One challenge with the approach taken in Amazon’s whitepaper is the number of assumptions (often not explicitly articulated) made about the cost of running OSS NoSQL database. To start with, the paper does not mention which OSS NoSQL database is being used for comparison. It is difficult to imagine that the TCO of running two very different NoSQL database engines such as Cassandra or MongoDB for the same scenario would be exactly the same. However, we think Amazon’s methodology maintains its important qualitative merit, this concern non-withstanding.
In the second section of our whitepaper we attempt to address this concern, and provide more precise quantitative comparison for more specific scenarios. We examine three scenarios:
- Ingesting one million records/second
- A balanced 50/50 read/write workload
- Ingesting one million records/second in regular bursts
We compare the TCO for these micro-scenarios when using the following NoSQL databases: Azure DocumentDB, Amazon DynamoDB, and OSS Cassandra on Azure D14v2 Linux Virtual Machines, a popular NoSQL choice for high data volume scenarios. In order to run tests with Cassandra, we utilize the open source Cassandra-stress command included in the open source PerfKit Benchmarker.

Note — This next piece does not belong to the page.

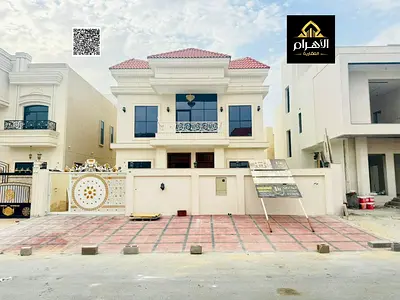 Villa for sale in Al Helio, 2 floors and a roof, very prime location next to services, within a residential compound and close to Mohammed Bin Zayed R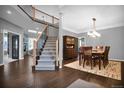 Open-concept living and dining areas boast a staircase, hardwood floors, stone fireplace, and elegant light fixtures at 877 Eldorado Dr, Superior, CO 80027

Hourly TCO results depicted in the chart above are consistent with the observations in Part 1, with few additional quantitative findings:
- DocumentDB TCO is comparable to that of OSS Cassandra running on Azure D14v2 VMs for scenarios involving high sustained pre-dominantly write workloads with low storage needs (i.e. local SSD on the Cassandra nodes is sufficient). For example, 1M writes with a time to live (TTL) less than three hours, or most writes are updates. Cassandra is famous for its good performance for such scenarios and in the early stages of product development is often seen very attractive for this reason. However, the non-trivial dev/ops cost component brings the total cost of ownership of Cassandra deployment higher.
- If more storage is needed, or the workload involves a balanced read / write mix, or the workload is bursty, DocumentDB TCO can be up to 4 time lower than OSS Cassandra running on Azure VMs. Cassandra's TCO is higher in these scenarios due to non-trivial dev/ops cost for administration of Cassandra clusters and Cassandra's lack of awareness of the underlying cloud platform. DocumentDB TCO is lower thanks to superior elasticity and lower cost for reads and queries thanks to low overhead auto-indexing.
- DocumentDB is up to two to three times cheaper than DynamoDB for high volume workloads we examined. Thanks to predictable performance guaranteed by both offerings, these numbers can be verified by simply comparing the public retail price pages. DocumentDB offers write optimized low overhead indexing by default making queries more efficient without worrying about secondary indexes. DocumentDB writes are significantly less expensive for high throughput workloads.
In conclusion, we’d like to add that TCO is only one (albeit an important one) consideration when choosing NoSQL database. Each of these products compared shines in its own way. Product capabilities, ease of development, support, community and other factors need to be taken into account when making a decision. The paper includes briend overview of DocumentDB functionality.
On the community front, we applaud MongoDB and Cassandra projects for creating significant community around their offerings. In order to make Azure a better place for these communities we recently offered protocol level support for MongoDB API as part of DocumentDB offering, and are encouraged with the feedback received to date from MongoDB developers. DocumentDB customers can now take advantage of the MongoDB API community expertise, as well as not worry about locking in into proprietary APIs, a common concern with PaaS services.